An expenditure which fails to meet one or more of these three tests does not qualify as an organizational expense for purposes of section 709(b) and this section. To satisfy the statutory requirement described in paragraph (a)(1) of this section, the expense must be incurred during the period beginning at a point which is a reasonable time before the partnership begins business and ending with the date prescribed by law for filing the partnership return (determined without regard to any extensions of time) for the taxable year the partnership begins business. In addition, the expenses must be for creation of the partnership and not for operation or starting operation of the partnership trade or business. To satisfy the statutory requirement described in paragraph (a)(3) of this section, the expense must be for an item of a nature normally expected to benefit the partnership throughout the entire life of the partnership. The following are examples of organizational expenses within the meaning of section 709 and this section: Legal fees for services incident to the organization of the partnership, such as negotiation and preparation of a partnership agreement; accounting fees for services incident to the organization of the partnership; and filing fees.
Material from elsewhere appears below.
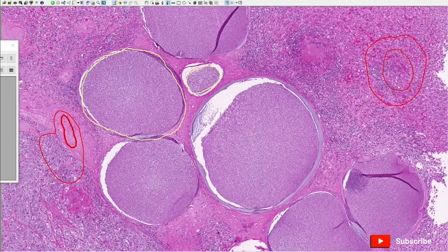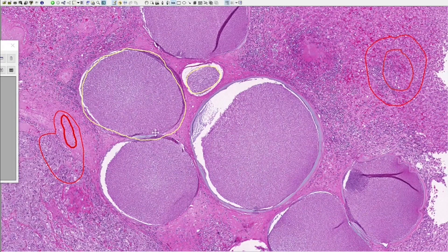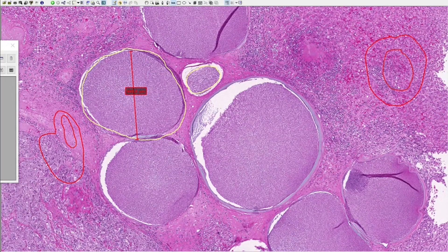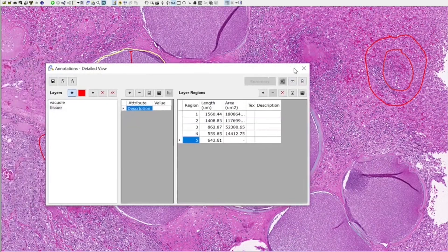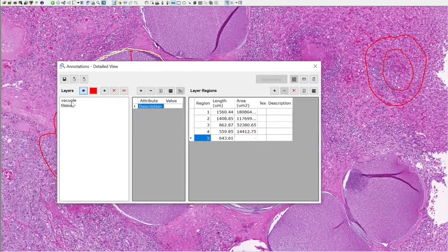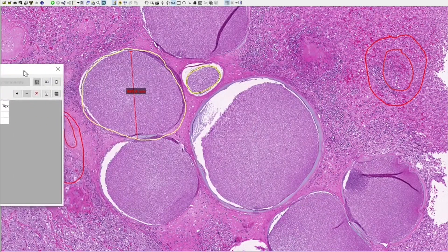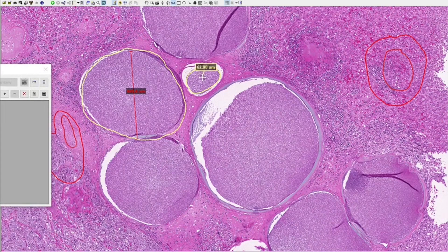We can use arrow to measure things, but notice that I didn't change the class and it's measuring something of the class tissue. I wanted to measure my vacuole, the little one.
The following are examples of expenses that are not organizational expenses within the meaning of section 709 and this section (regardless of how the partnership characterizes them): Expenses connected with acquiring assets for the partnership or transferring assets to the partnership; expenses connected with the admission or removal of partners other than at the time the partnership is first organized; expenses connected with a contract relating to the operation of the partnership trade or business (even where the contract is between the partnership and one of its members); and syndication expenses.
(b) Syndication expenses. Syndication expenses are expenses connected with the issuing and marketing of interests in the partnership. Examples of syndication expenses are brokerage fees; registration fees; legal fees of the underwriter or placement agent and the issuer (the general partner or the partnership) for securities advice and for advice pertaining to the adequacy of tax disclosures in the prospectus or placement memorandum for securities law purposes; accounting fees for preparation of representations to be included in the offering materials; and printing costs of the prospectus, placement memorandum, and other selling and promotional material. These expenses are not subject to the election under section 709(b) and must be capitalized.
(c) Beginning business. The determination of the date a partnership begins business for purposes of section 709 presents a question of fact that must be determined in each case in light of all the circumstances of the particular case. Ordinarily, a partnership begins business when it starts the business operations for which it was organized. The mere signing of a partnership agreement is not alone sufficient to show the beginning of business.
If the activities of the partnership have advanced to the extent necessary to establish the nature of its business operations, it will be deemed to have begun business. Accordingly, the acquisition of operating assets which are necessary to the type of business contemplated may constitute beginning business for these purposes. The term "operating assets", as used herein, means assets that are in a state of readiness to be placed in service within a reasonable period following their acquisition.